You will also need a zombie makeup kit, like this one from Amazon:
Here's an easy to follow zombie makeup tutorial:
And of course, the cherry on top will be the wig. Purchase a Trump wig, then go to town dyeing portions of it red to look bloodstained. You can also try hacking off chunks of the coiff to make it seem a little more apocalypse-esque. This wig from Toynk is a winner.
Donald Trump fired. Literally. To pull of this look, you will need:
- A black blazer
- Fire patterned pants
- Fire patterned shirt
- Trump wig
You'll want to start with a standard black blazer. Again, Trump always wears a suit, and since the other portions of the outfit won't follow that pattern, we need to make it happen with the blazer. If you procure a blazer that you want to use specifically for this costume, you can go so far as to safely singe it with a controlled flame.
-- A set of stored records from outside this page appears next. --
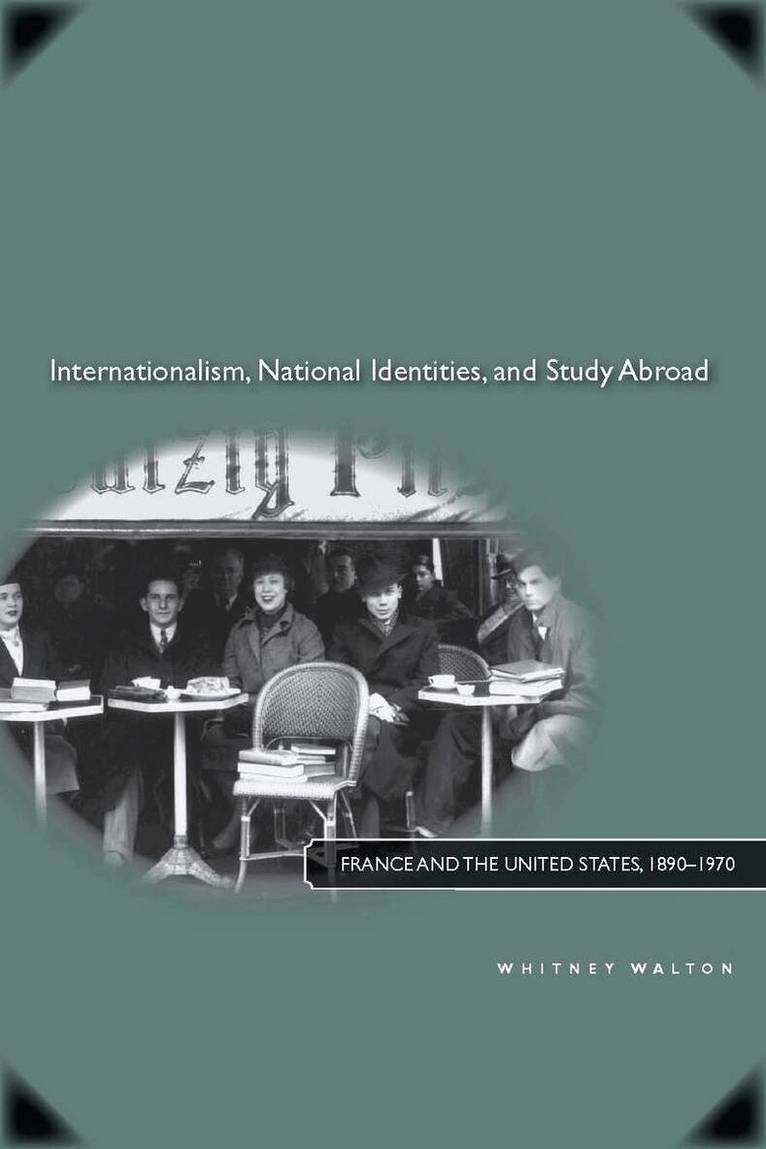 Whitney Walton - Internationalism, National Identities, and Study Abroad, E-bok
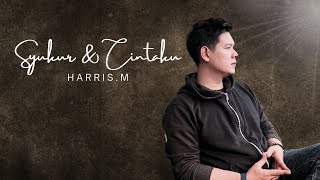 Download Lagu SYUKUR DAN CINTAKU - Harris.                     [ Official Video ] MP3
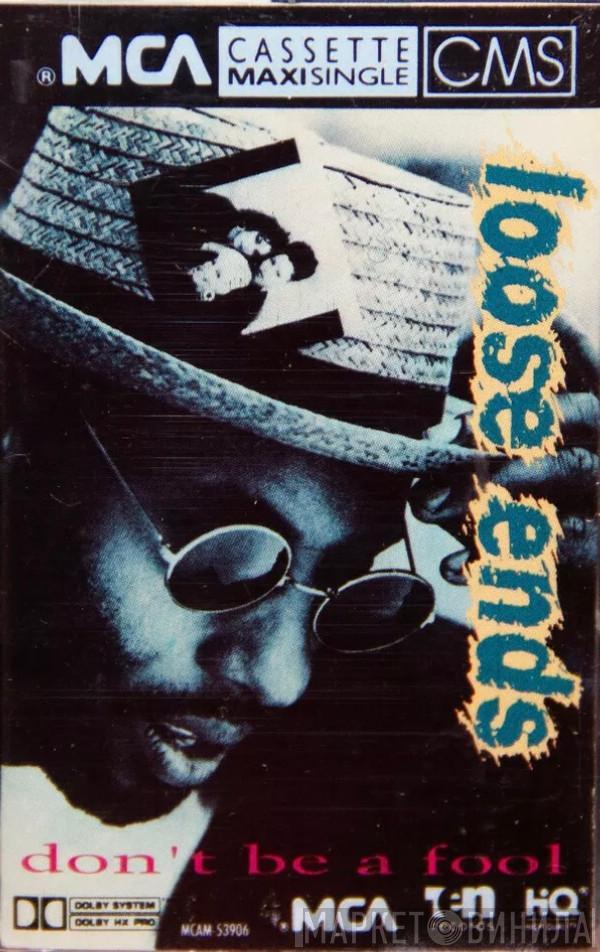  Loose Ends  - Don't Be A Fool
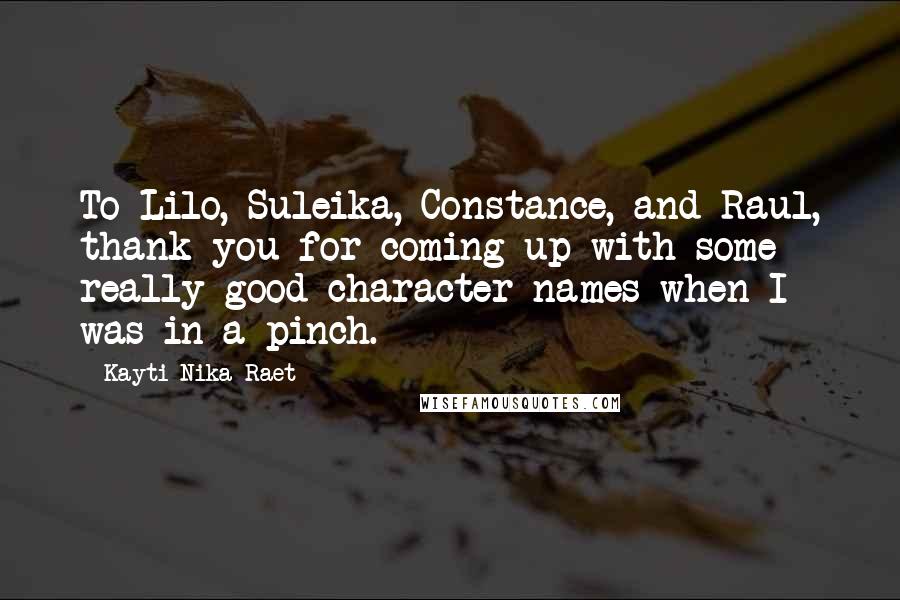 Kayti Nika Raet quotes: To Lilo, Suleika, Constance, and Raul, thank you for coming up with some really good character names when I was in a pinch.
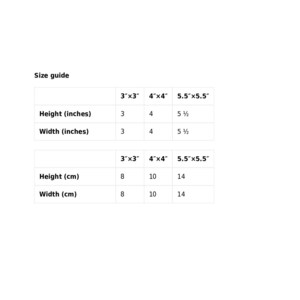 May include: Size guide for a product with measurements in inches and centimeters. The table shows the height and width of the product in inches and centimeters for three different sizes: 3"x3", 4"x4", and 5.5"x5.5".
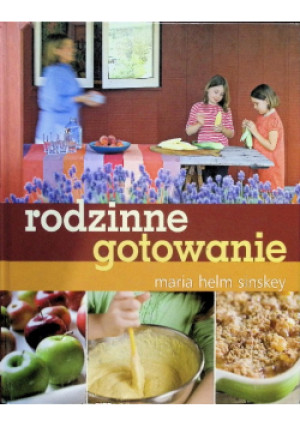 Rodzinne gotowanie - Maria Helm Sinskey - książka  wyd. 2014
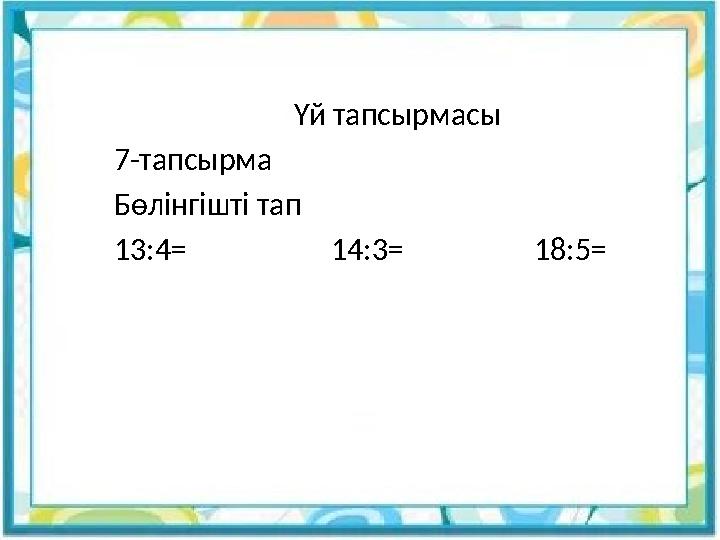 Үй тапсырмасы 7-тапсырма Бөлінгішті тап 13:4= 14:3= 18:5=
Be SURE to check to make sure that you won't injure anyone or cause property damage by setting a mostly polyester garment aflame. Be careful.
To include as many flames as possible, get some pants that have a flame pattern on them. I think these lovely leggings should do the trick.
Next, of course, you will need a shirt with some flame action going. Yes, this garment is completely absurd, but it's all for the cause.
As for the hair, the same excellent wig from the Zombie Trump costume will work just fine.